== Information supplied ==
==========

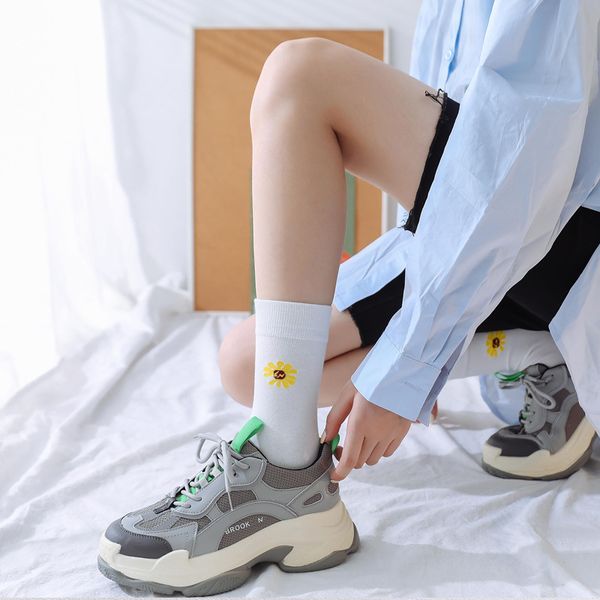 women lovely cow summer stocking women ins fashion heart cute stockings woman casual breathable thin hosiery, Black;white
women lovely cow summer stocking women ins fashion heart cute stockings woman casual breathable thin hosiery, Black;white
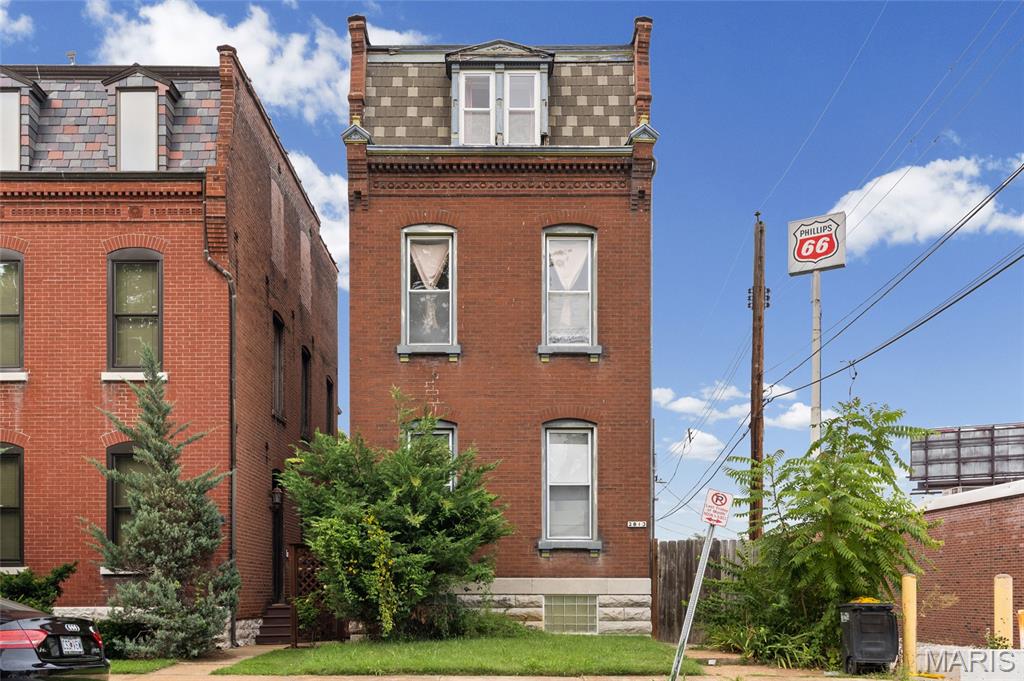 Geitner Place Add - Residential Income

==========

== Your task ==
Every line above should be duplicated exactly; the pictures are to be left out.

== Response for this exercise ==
 women lovely cow summer stocking women ins fashion heart cute stockings woman casual breathable thin hosiery, Black;white
women lovely cow summer stocking women ins fashion heart cute stockings woman casual breathable thin hosiery, Black;white
 Geitner Place Add - Residential Income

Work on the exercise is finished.